▶ _Source information_:
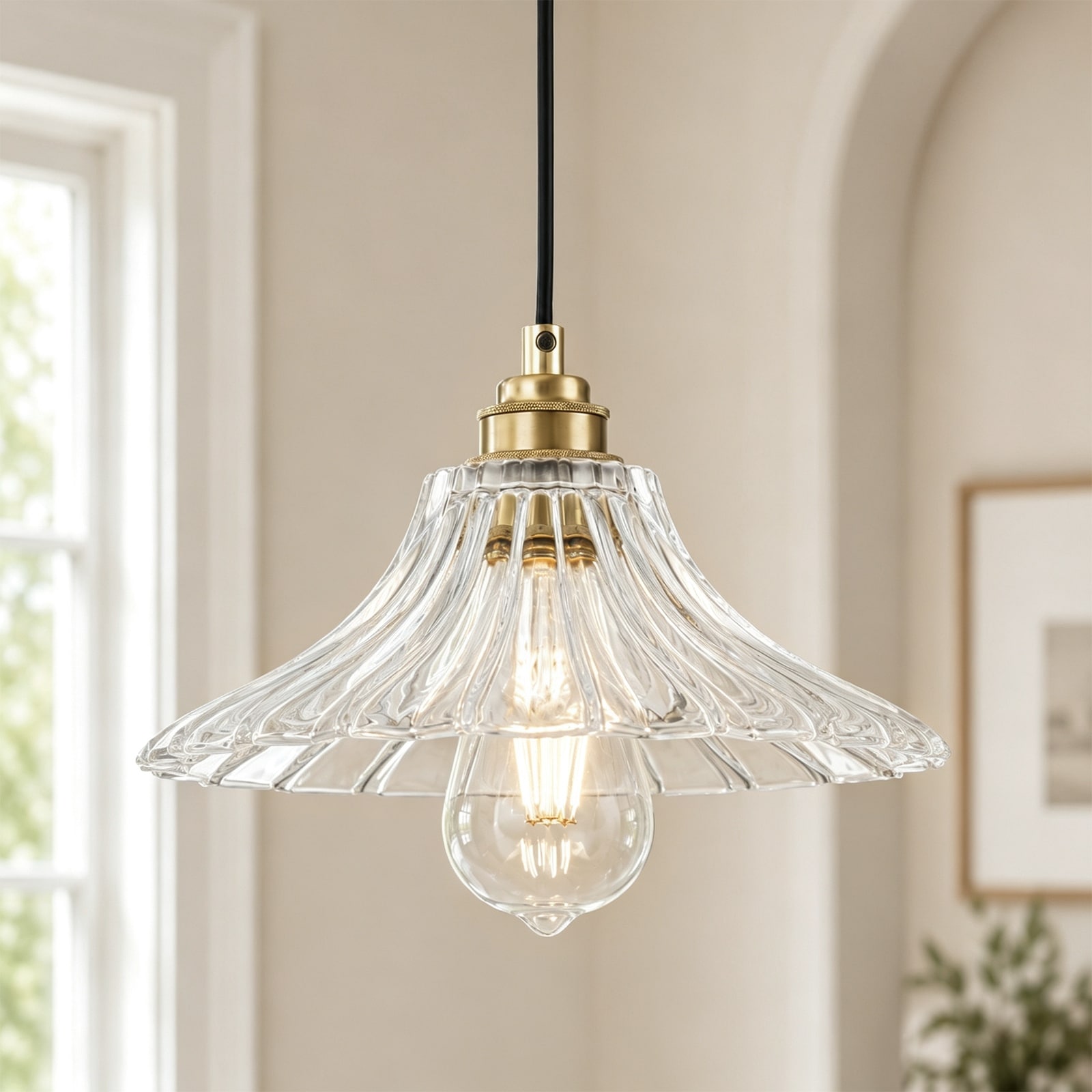 Rennnsan 1-Light Vintage Farmhouse Gold Floral Fluted Clear Glass Pendant Light for Dining Room/Entrance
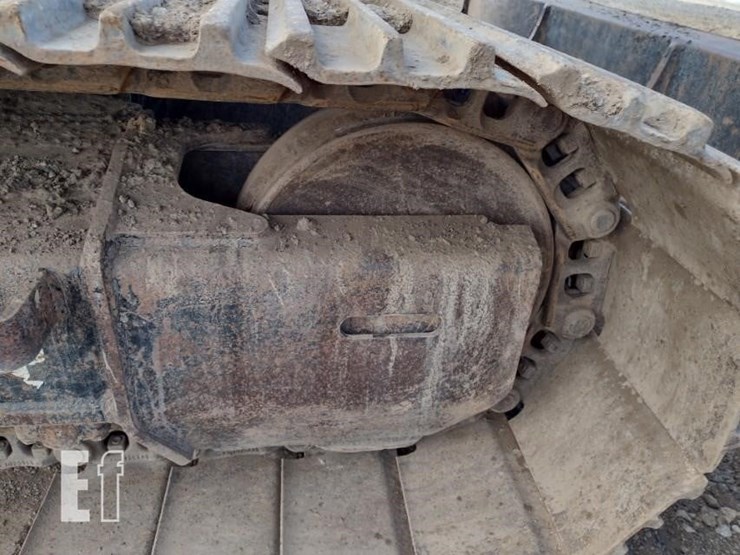 2010-deere-120d-image-40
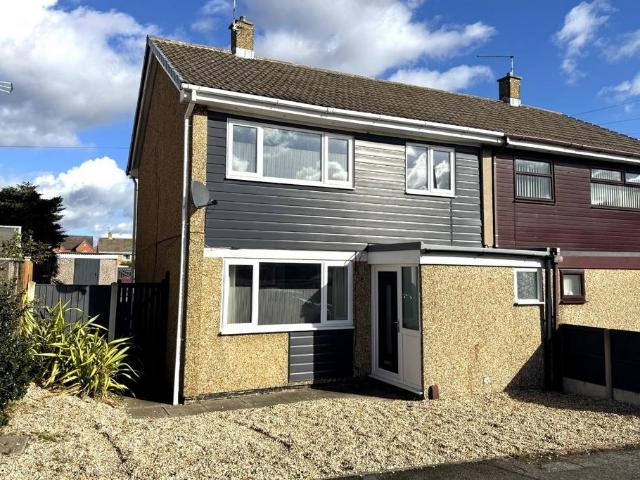 Elton View, Staveley, Chesterfield 3 bed house to rent £775 pcm £179 pw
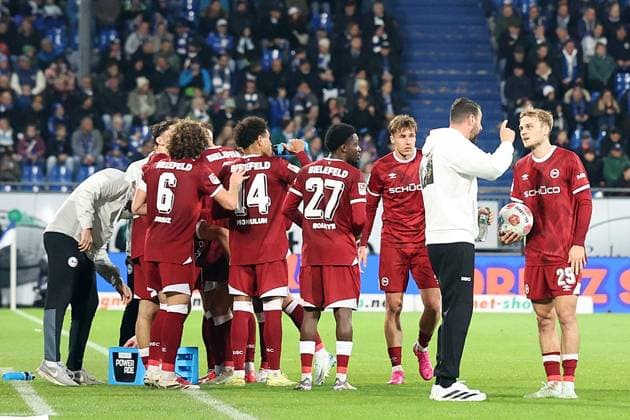 01 11 2025, xrekx, Fussball 2 Bundesliga, SV Darmstadt 98 Arminia Bielefeld v l interruption VAR Mitch Kniat coach Arminia Bielefeld gives instructions, gesticulates, gesticulate with arms gives instructions, gesticulate Tim Handwerker Arminia Bielefeld DFL DFB REGULATIONS PROHIBIT ANY USE OF PHOTOGRAPHS as IMAGE SEQUENCES and or QUASI VIDEO Darmstadt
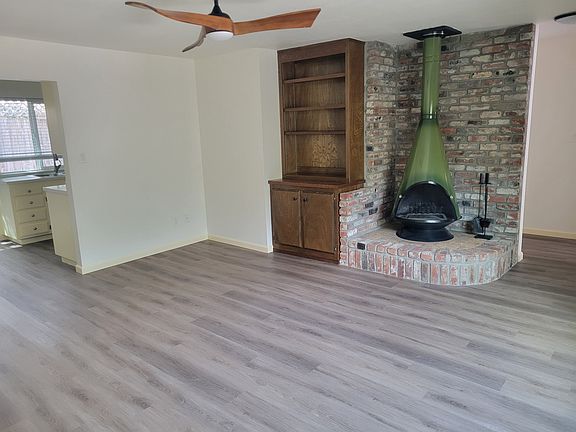 3rd image of 2214 Mesquite Dr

▶ _How to complete this task_: Stop after the line containing "Elton View, Staveley, Chesterfield": copy the records exactly from the first line up to there, leaving pictures out.

▶ _Answer box_:
 Rennnsan 1-Light Vintage Farmhouse Gold Floral Fluted Clear Glass Pendant Light for Dining Room/Entrance
 2010-deere-120d-image-40
 Elton View, Staveley, Chesterfield 3 bed house to rent £775 pcm £179 pw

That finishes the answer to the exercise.